Now it’s in 1.12, has a free trial, and is currently on sale for $33 for personal use. It’s nothing to do with iClone, despite the name.
I got it working with an 2008 HD (1280px) Microsoft zoom-able webcam I picked up in a sale way back. I was pleased to find there are now Windows 8 drivers for the cam at last, yay! So it was worth keeping it in a drawer all these years.
Even in terrible lighting conditions F-clone gave me results. However, once the facial data was captured the “Video processing…” then took so long, even on a mere 20 second clip, that I gave up on it for a few hours. Possibly it doesn’t like also capturing audio as well as video, though it appears to have this capability.
But returning to it after a PC reboot solved these problems instantly, and another 17 second capture resulted in a near-instant saving out of the finished .PZ2 animation to the desktop.
I then dragged and dropped the animation into DAZ Studio and onto a Genesis 2 base figure. I left “Limits on” for the figure and got a nice subtle idle animation. I then tried a G3F and turned “Limits off” on import of the animation, and got a much more expressive animation. G8F also took the animation, and the movement was quite nice. But the best was the G3F. Apparently G3 was the first Genesis to have facial bones, and the F-clone software is obviously targeted on those. The clue is in the name of its file output: F_Clone_Daz_Genesis3_0.pz2
In Poser there was very little success, obviously because the animation process was targeting Genesis 3 which is a DAZ figure. Though Doctor Pitterbill took head and eye movements quite well, but not the mouth movements. But for some that may actually be a feature, since it would allow you to lay in another “track” of mouth animation. That was about the limit of the success in Poser, with limited testing on A3, V4 and M4, and La Femme.

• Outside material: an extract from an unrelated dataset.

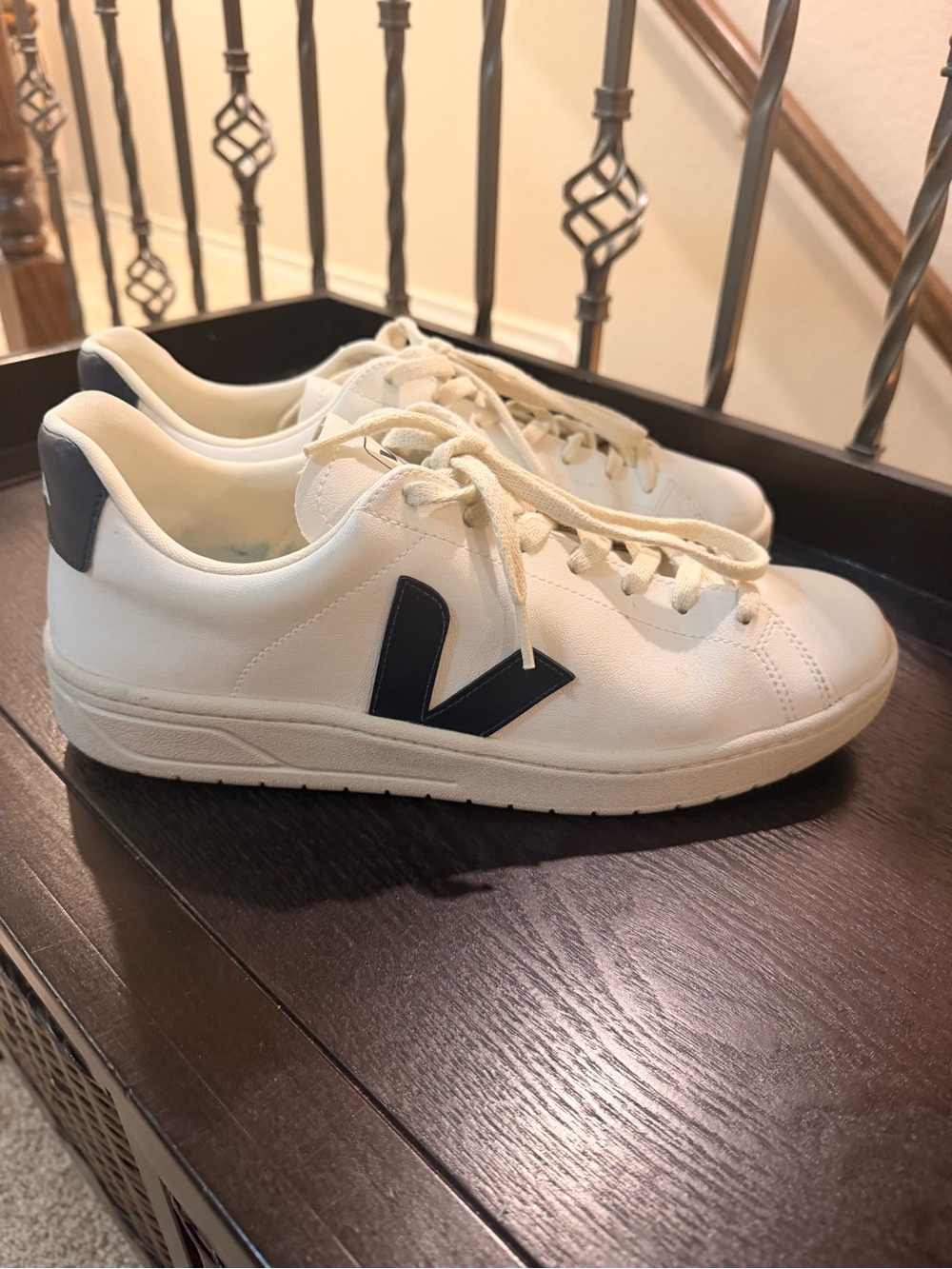 Veja White Leather Sneakers with Navy V Detail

So… I was idly expecting F-clone to only target the older DAZ/Poser characters, but I found the reverse. It works on Genesis 3 to 8.
For $33 and with very easy .PZ2 output, it may be worth trying the free trial if you need to make long facial animations for your G3-G8. It also has sliders for smoothing and boosting, and for targeting of “toony faced” characters. With better light, in a proper mini-studio, and with calibration, you may find it has value for more expressive / subtle animations too. Perhaps even lipsync, though there are likely better tools for that if you’re serious about story-and-dialogue movie-making.
The .PZ2 files are human-readable text, so a little converter utility seems possible.
Incidentally, it seems there’s no cheap/free software that can input any still picture or short video clip of an expressive face, and then pop out a .BVH which can be dropped onto a 3D character so that they take the same expression(s). Perhaps there should be? Unless perhaps it’s actually in F-clone and I just haven’t found that feature yet?